To date, LePage has relied on his average-guy persona, blunt comments, and a marked indifference to the finer points of complex policy matters to win over the Tea Partiers and other disaffected yokels with lots of complaints about government, but no clue how to address them. Now, he needs to get real.
In order to pass even the most routine legislation, the new governor will have to learn to interact with experienced politicians. These pols come equipped with sizable egos and agendas of their own, agendas that may not match up with LePage's.
Republican stalwarts such as state senators Kevin Raye and Richard Rosen (respectively, the next Senate president and chair of the Appropriations Committee) know that it's one thing to promise a smaller state government and another to explain to their constituents why there's no longer a motor vehicles office or an agricultural extension service representative in their district. Cutting state services is as much an exercise in political pragmatism as finances.
Longtime GOP legislators such as state representatives Paul Davis or Robert Nutting (top contenders to be the new speaker of the House) understand that passing bills takes more than motivating the majority party. It also requires fending off the likes of Democratic state Representative John Martin and his mastery of procedural maneuvers that can turn any bill into roadkill.
This ain't Waterville City Hall, where LePage claims he learned all about politics. This is a bigger stage, with more adept actors and a lot more stage directions.
Several people familiar with LePage's thinking have expressed some alarm at his naïve belief that Republicans in the House and Senate will do what he tells them, which — if he had his way — would be to sit down, shut up, and vote the way he tells them.
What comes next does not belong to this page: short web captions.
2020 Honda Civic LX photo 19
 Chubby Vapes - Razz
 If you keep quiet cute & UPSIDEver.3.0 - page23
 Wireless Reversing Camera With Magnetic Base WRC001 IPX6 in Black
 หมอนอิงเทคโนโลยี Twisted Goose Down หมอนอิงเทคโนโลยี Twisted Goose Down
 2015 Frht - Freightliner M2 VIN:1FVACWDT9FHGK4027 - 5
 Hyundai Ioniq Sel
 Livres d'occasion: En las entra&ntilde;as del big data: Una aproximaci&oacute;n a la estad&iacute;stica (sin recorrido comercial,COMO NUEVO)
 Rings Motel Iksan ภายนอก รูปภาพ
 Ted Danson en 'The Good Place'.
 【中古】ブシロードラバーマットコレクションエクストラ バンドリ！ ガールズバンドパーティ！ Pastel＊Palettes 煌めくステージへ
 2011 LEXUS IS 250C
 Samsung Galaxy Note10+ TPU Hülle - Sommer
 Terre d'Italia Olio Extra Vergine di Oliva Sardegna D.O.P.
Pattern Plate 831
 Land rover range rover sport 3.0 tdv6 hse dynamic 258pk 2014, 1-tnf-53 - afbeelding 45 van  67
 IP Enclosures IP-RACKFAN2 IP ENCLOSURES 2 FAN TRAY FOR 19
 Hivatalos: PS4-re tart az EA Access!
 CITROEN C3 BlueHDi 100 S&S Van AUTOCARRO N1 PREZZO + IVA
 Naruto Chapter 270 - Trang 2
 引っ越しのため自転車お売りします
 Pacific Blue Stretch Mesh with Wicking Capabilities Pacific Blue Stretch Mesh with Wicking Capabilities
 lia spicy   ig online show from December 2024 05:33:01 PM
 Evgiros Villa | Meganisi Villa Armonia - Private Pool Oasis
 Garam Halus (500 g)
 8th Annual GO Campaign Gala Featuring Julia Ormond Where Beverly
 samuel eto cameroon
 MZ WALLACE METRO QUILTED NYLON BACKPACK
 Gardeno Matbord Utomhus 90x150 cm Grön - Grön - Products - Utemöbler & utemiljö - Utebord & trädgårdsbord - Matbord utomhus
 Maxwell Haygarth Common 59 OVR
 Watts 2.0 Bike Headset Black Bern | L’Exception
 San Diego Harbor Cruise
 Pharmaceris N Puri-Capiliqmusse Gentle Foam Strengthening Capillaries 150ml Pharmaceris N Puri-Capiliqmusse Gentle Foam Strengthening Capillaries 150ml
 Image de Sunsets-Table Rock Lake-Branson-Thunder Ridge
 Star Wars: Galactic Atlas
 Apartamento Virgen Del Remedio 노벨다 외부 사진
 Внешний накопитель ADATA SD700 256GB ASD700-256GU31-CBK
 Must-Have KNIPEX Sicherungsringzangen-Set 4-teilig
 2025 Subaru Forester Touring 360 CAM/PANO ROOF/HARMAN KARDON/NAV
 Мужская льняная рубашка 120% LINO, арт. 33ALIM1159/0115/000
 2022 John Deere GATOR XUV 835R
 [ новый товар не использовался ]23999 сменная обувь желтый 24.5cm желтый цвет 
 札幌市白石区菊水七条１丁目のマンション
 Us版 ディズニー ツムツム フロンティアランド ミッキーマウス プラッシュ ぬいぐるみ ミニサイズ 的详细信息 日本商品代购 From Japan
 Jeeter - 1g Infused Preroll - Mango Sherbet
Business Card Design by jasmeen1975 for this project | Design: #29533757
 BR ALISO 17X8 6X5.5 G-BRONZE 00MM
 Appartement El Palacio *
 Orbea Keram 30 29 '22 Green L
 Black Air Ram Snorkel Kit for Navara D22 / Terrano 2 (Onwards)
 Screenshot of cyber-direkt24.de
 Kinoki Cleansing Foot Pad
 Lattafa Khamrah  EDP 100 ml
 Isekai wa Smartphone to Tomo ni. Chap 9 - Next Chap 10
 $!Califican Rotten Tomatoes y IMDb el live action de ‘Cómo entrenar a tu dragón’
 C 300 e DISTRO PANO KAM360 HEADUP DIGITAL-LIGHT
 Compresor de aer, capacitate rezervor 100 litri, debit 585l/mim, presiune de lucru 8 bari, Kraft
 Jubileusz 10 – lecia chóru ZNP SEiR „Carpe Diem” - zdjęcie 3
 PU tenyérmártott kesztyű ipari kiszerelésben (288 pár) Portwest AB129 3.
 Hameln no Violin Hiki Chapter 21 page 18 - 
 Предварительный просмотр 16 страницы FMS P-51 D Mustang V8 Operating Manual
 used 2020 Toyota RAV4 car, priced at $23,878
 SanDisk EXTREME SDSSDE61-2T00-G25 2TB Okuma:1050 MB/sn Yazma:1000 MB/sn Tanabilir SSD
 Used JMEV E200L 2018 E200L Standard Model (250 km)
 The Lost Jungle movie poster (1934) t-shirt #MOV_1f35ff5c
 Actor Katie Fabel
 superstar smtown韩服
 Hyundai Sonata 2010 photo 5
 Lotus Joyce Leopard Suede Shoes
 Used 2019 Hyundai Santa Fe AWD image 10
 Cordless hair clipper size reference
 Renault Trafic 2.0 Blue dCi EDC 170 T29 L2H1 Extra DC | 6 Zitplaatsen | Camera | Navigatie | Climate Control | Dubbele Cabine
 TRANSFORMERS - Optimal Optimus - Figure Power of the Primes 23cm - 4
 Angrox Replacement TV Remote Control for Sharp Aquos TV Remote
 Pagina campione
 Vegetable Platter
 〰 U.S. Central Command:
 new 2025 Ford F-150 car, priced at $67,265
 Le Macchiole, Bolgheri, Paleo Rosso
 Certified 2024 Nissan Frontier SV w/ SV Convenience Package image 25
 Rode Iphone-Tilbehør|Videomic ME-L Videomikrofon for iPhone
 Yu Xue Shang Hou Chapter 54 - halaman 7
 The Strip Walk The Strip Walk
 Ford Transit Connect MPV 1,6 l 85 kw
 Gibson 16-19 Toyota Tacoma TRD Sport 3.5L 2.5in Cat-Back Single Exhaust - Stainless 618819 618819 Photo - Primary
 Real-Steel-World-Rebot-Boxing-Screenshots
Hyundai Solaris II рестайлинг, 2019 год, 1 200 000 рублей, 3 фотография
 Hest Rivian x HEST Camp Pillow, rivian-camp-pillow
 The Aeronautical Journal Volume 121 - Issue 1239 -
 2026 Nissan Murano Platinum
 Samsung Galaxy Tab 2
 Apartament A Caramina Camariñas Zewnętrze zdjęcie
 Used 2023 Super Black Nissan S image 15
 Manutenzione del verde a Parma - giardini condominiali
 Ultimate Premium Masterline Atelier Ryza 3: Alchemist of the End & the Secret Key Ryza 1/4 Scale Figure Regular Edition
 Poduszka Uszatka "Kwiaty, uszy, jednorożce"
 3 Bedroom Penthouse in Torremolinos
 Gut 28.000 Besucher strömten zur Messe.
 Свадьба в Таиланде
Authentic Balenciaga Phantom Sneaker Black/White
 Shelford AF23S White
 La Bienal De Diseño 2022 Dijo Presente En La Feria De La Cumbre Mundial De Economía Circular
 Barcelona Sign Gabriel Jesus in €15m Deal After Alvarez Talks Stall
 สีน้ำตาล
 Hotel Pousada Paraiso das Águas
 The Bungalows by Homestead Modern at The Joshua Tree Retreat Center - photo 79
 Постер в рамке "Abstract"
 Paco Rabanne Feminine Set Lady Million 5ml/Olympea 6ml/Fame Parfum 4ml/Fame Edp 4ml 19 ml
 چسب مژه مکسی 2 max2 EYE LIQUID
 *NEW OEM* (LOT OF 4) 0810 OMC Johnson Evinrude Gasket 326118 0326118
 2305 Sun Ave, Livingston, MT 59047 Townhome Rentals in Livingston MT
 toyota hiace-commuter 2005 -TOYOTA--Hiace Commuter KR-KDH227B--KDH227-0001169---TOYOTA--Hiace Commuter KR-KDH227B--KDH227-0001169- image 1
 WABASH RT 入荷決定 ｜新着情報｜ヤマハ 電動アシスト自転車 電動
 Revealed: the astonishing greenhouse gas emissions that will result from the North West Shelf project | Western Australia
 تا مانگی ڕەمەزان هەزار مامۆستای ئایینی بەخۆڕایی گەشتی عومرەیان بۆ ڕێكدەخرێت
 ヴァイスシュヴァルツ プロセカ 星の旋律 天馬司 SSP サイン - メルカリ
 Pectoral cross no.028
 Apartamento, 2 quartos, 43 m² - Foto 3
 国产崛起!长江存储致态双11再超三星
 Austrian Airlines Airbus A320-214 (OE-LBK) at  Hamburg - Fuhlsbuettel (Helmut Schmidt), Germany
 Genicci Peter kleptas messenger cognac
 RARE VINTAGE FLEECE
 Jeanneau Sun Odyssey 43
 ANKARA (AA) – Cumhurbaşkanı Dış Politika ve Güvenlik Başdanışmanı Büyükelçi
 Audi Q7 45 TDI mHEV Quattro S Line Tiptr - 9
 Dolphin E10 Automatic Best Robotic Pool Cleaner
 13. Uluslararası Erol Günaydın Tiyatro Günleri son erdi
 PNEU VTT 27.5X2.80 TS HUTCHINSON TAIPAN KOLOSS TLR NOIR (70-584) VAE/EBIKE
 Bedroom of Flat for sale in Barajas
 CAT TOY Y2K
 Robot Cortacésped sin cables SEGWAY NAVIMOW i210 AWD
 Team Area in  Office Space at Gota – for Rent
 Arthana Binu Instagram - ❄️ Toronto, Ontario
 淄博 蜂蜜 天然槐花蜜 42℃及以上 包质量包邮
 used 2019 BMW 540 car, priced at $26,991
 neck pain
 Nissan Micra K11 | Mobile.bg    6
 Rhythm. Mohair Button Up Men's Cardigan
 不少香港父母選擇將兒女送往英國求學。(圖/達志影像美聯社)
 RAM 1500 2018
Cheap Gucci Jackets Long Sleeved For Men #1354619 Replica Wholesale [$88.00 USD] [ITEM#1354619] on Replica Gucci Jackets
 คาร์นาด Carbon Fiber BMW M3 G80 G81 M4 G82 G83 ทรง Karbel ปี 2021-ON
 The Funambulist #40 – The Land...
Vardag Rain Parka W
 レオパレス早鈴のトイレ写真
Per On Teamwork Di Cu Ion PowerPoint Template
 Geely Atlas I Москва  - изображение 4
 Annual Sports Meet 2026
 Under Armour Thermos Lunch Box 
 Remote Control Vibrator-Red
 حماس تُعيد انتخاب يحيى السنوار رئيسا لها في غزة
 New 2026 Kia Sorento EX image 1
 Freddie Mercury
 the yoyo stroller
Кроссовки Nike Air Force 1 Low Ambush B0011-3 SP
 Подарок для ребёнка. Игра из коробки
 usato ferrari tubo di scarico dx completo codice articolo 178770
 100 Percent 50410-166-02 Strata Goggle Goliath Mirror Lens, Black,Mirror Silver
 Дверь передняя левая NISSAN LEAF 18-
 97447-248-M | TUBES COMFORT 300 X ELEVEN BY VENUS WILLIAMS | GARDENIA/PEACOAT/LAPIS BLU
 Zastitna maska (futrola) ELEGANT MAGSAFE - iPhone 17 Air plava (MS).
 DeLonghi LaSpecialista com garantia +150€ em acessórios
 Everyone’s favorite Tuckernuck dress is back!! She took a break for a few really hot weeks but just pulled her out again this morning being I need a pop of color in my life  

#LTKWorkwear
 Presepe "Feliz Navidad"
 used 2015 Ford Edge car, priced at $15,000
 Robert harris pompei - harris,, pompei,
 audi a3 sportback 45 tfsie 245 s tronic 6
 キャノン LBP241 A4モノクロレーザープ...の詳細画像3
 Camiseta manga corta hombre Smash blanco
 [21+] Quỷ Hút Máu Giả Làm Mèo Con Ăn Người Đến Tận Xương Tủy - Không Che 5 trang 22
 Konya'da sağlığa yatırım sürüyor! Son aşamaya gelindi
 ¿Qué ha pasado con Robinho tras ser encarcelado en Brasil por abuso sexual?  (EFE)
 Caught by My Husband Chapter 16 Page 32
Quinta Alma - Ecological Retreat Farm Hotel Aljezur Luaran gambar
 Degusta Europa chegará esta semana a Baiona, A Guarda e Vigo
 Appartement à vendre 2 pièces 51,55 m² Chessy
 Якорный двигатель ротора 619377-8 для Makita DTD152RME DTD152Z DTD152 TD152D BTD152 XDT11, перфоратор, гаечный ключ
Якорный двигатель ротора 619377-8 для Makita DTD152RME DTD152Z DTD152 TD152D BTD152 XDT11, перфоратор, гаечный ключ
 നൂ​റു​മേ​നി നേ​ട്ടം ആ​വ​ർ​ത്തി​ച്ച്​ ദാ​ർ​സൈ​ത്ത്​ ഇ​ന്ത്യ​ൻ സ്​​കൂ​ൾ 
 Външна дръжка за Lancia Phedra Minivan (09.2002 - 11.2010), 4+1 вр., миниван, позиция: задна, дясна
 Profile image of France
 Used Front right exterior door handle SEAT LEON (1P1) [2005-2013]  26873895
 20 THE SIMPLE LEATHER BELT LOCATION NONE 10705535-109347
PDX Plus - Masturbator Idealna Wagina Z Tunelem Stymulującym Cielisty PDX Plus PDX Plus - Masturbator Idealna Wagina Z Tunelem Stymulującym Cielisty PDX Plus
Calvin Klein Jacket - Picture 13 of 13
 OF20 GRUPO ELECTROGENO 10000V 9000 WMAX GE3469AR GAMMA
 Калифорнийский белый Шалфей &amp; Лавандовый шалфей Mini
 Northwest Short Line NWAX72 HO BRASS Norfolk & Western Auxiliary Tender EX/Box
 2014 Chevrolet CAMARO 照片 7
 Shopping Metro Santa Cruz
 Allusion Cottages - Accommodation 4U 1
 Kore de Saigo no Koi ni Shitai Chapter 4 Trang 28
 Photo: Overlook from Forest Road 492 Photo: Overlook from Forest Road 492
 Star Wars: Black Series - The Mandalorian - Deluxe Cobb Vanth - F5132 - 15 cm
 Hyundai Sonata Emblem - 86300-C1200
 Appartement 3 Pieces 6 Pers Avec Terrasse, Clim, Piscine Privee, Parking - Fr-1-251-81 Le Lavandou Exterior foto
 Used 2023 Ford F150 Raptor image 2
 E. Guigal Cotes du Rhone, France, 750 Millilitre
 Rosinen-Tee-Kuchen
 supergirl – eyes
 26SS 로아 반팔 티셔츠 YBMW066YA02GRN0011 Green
Unfortunately for the newly elected governor, life in the State House doesn't work that way.
Regardless of party affiliation, legislators generally take seriously the constitutional checks and balances among the three branches of government. In practical terms, that means GOP legislators expect to be courted before they'll support the plans put forth by any governor, even one of their own party. If LePage attempts to issue marching orders, he'll find himself ignored.